Dataset entries

+---+

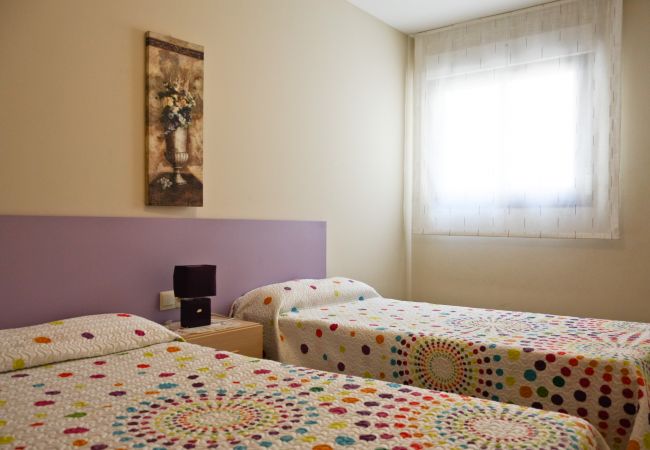 Appartement à Peñiscola - 057 - Ático Costa Peñíscola Appartement à Peñiscola - 057 - Ático Costa Peñíscola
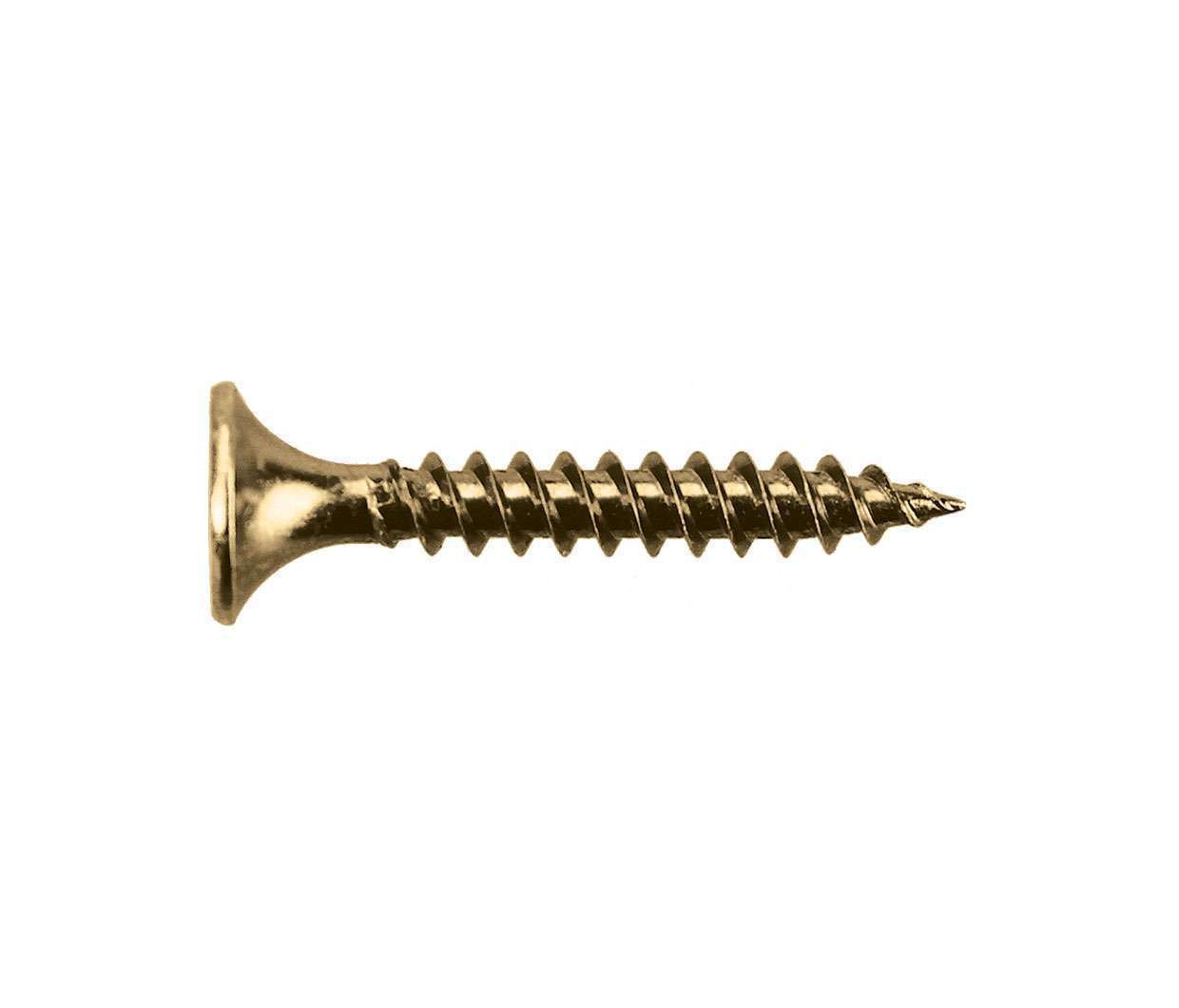 Iccons 704 Gypboard Screw Needle Bugle 6G x 32mm (1000pk)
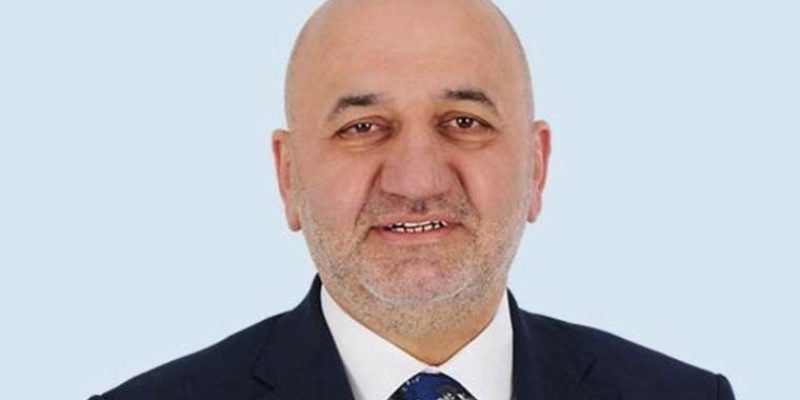 O deputado turco Hasan Bitmez sofreu um infarto logo após discursar no Parlamento da Turquia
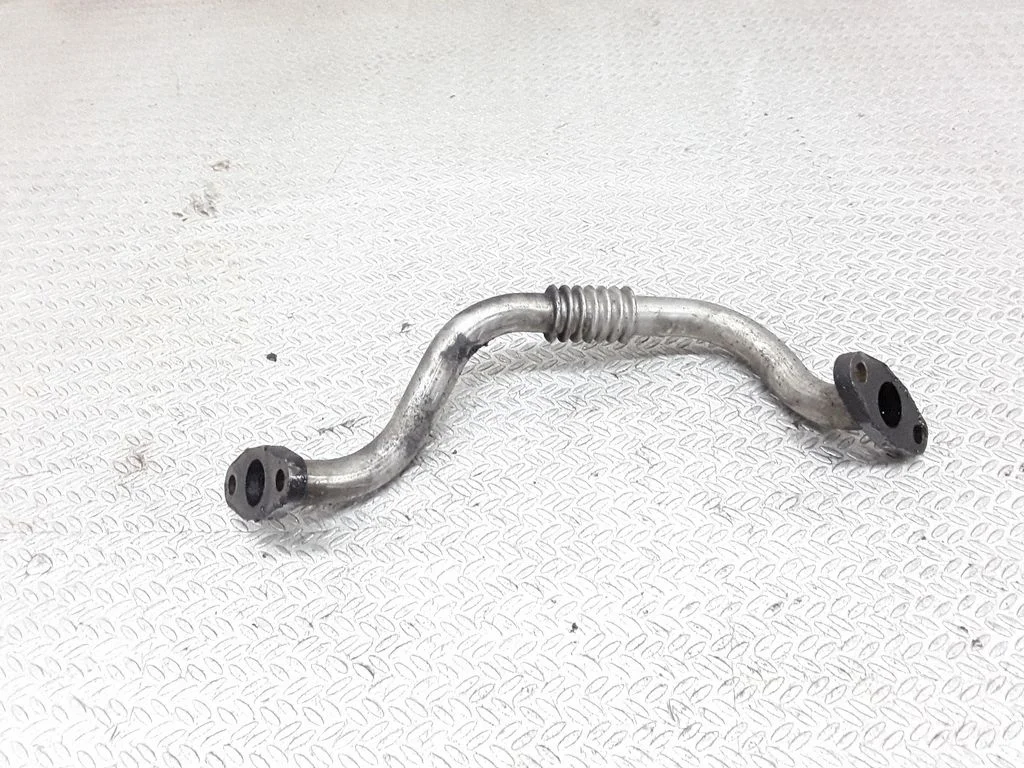 Turbo turbocharger oiling pipe/hose – Mazda 5 (2005-2010)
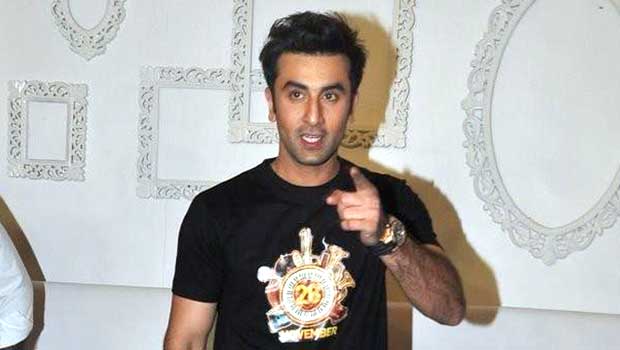 “28 November Is The Correct Release Date For Bombay Velvet”: Ranbir Kapoor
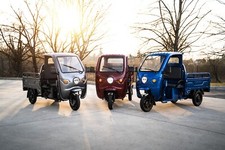 VOLTA VT5 Pro Elektro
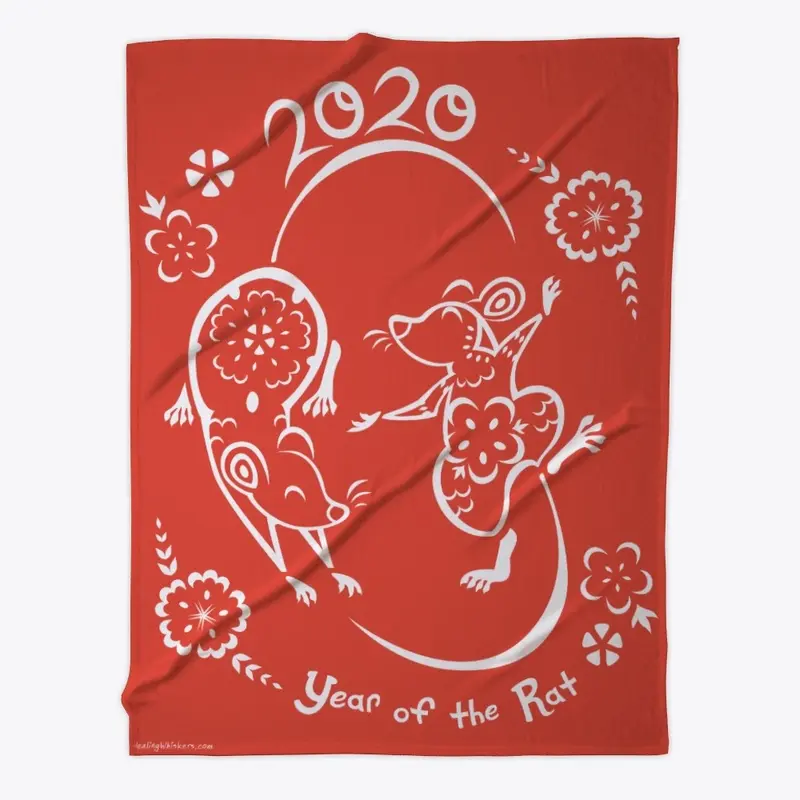 Year of the Rat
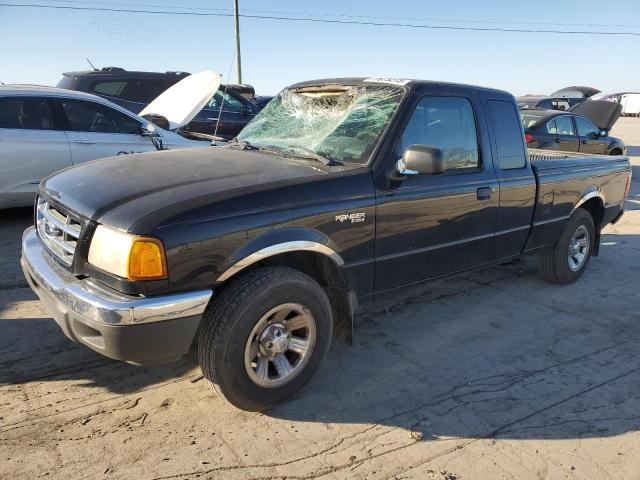 2001 Ford Ranger 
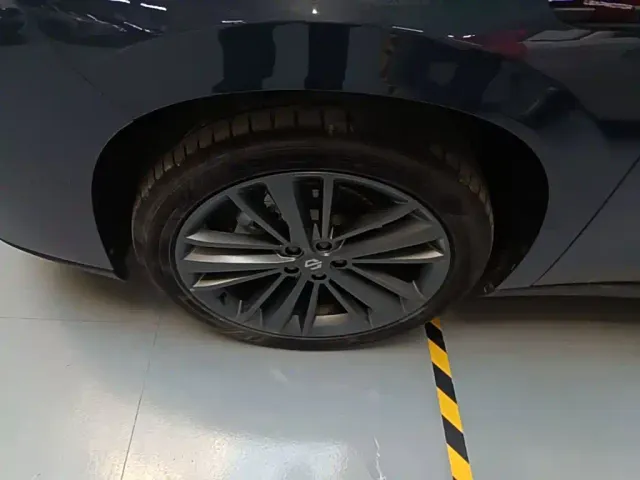Leapmotor C16 — Фото автомобиля 22
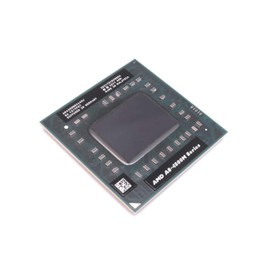 AMD A8-4500M Quad-Core 1.9GHz AM4500DEC44HJ OEM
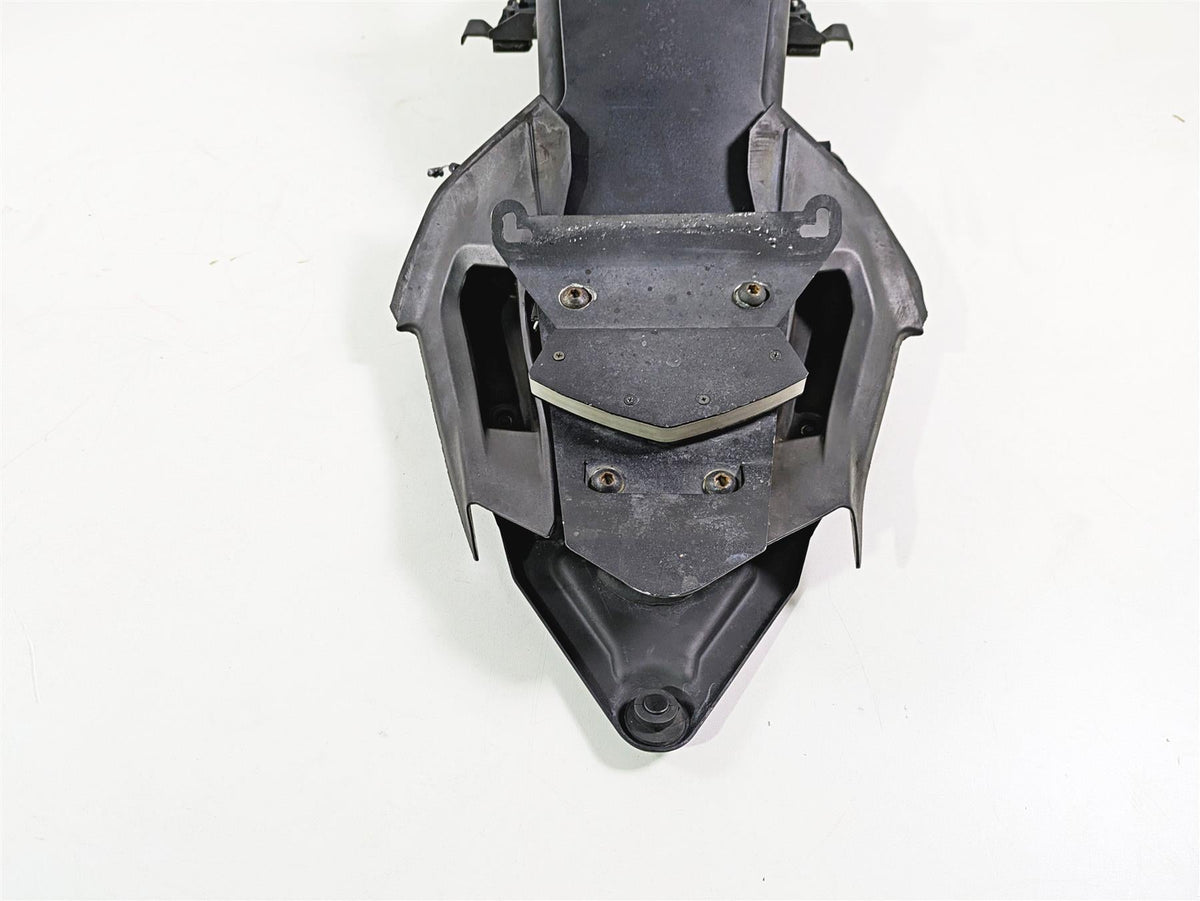 2019 Ducati Supersport 939 S Straight Rear Subframe Sub Frame 47018022CA {{ shop.shopifyCountryName }} - Mototech271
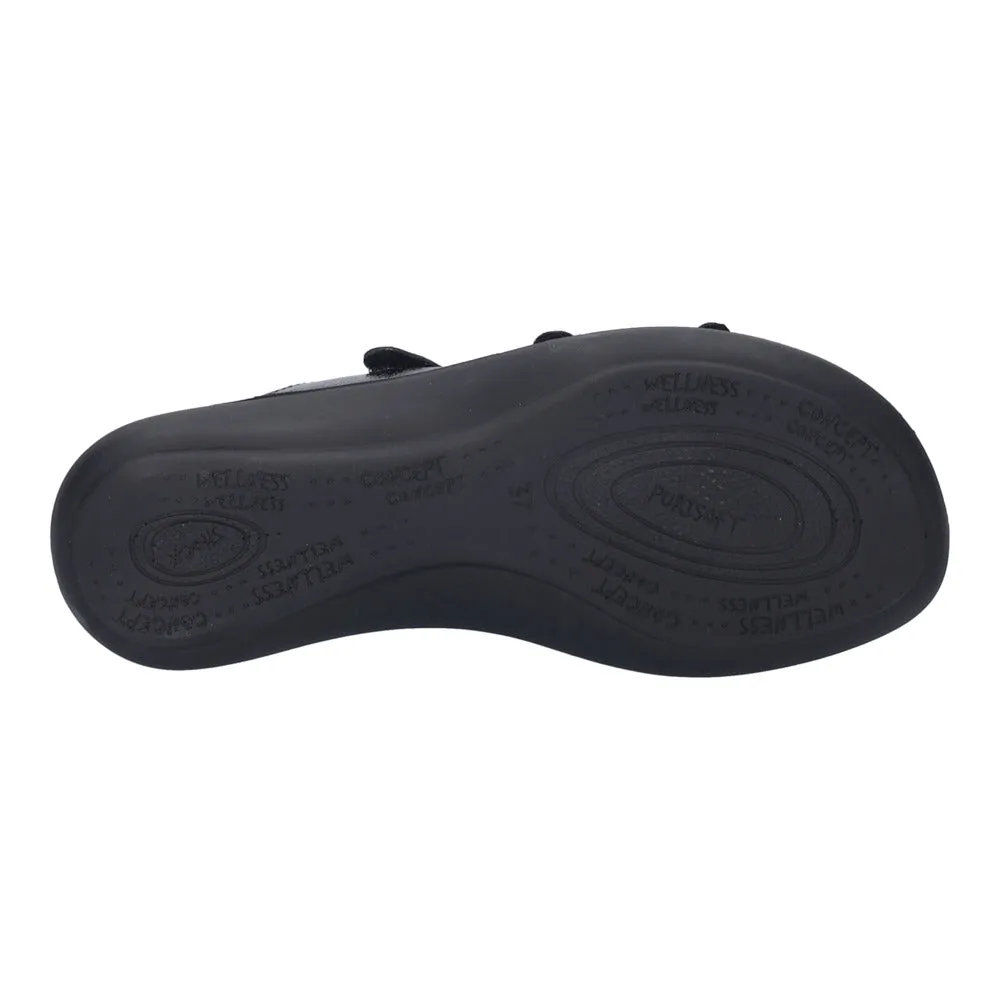 Ibiza 10 - Black
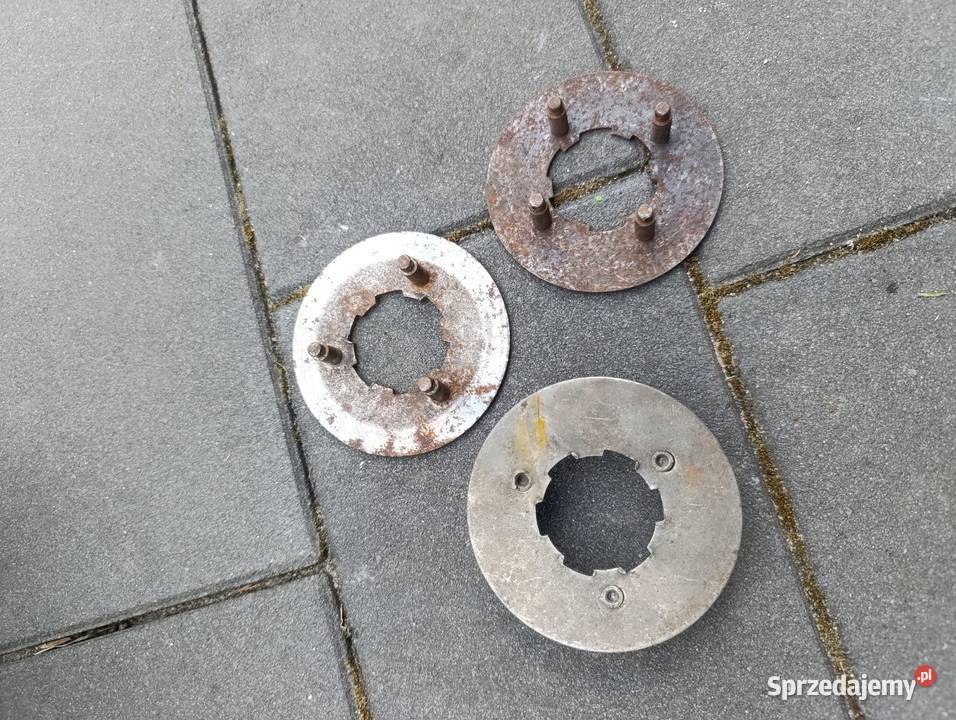 1Sprzęgło komar Romet motorynka pony kadet ogar Kielce sprzedam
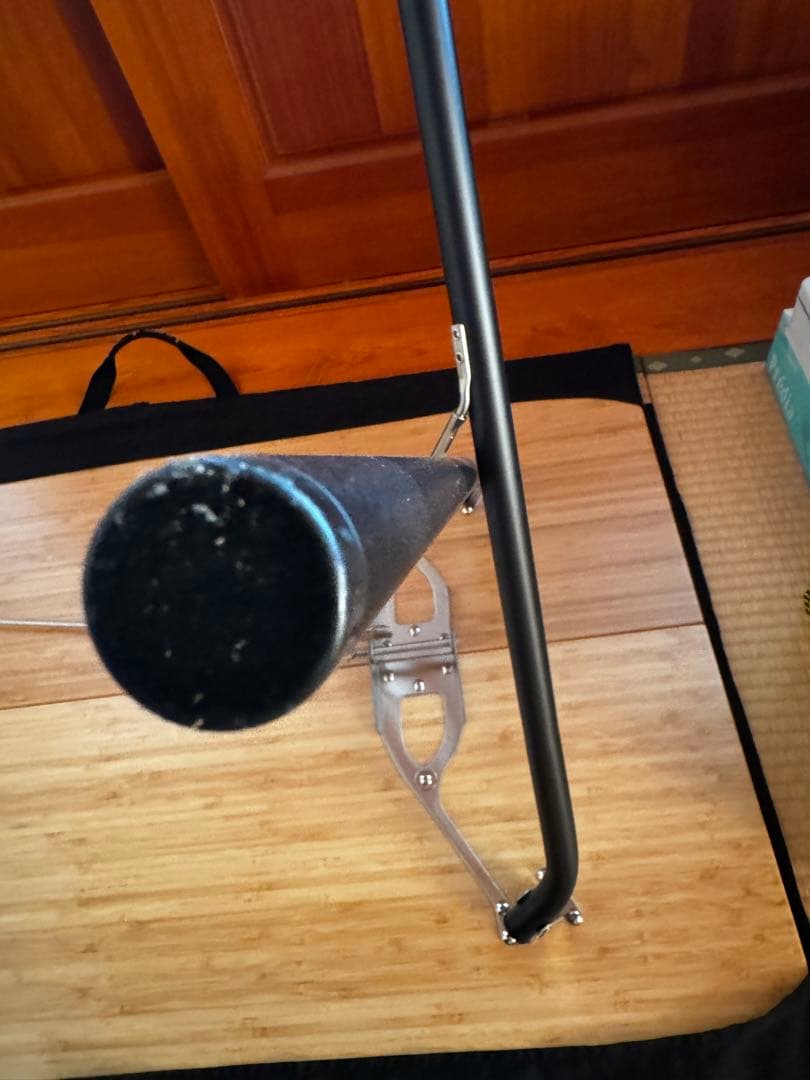 スノーピーク ワンアクションテーブルロング Light Bamboo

+---+

Each record above is to be copied out exactly; its pictures are not.

 Appartement à Peñiscola - 057 - Ático Costa Peñíscola Appartement à Peñiscola - 057 - Ático Costa Peñíscola
 Iccons 704 Gypboard Screw Needle Bugle 6G x 32mm (1000pk)
 O deputado turco Hasan Bitmez sofreu um infarto logo após discursar no Parlamento da Turquia
 Turbo turbocharger oiling pipe/hose – Mazda 5 (2005-2010)
 “28 November Is The Correct Release Date For Bombay Velvet”: Ranbir Kapoor
 VOLTA VT5 Pro Elektro
 Year of the Rat
 2001 Ford Ranger 
Leapmotor C16 — Фото автомобиля 22
 AMD A8-4500M Quad-Core 1.9GHz AM4500DEC44HJ OEM
 2019 Ducati Supersport 939 S Straight Rear Subframe Sub Frame 47018022CA {{ shop.shopifyCountryName }} - Mototech271
 Ibiza 10 - Black
 1Sprzęgło komar Romet motorynka pony kadet ogar Kielce sprzedam
 スノーピーク ワンアクションテーブルロング Light Bamboo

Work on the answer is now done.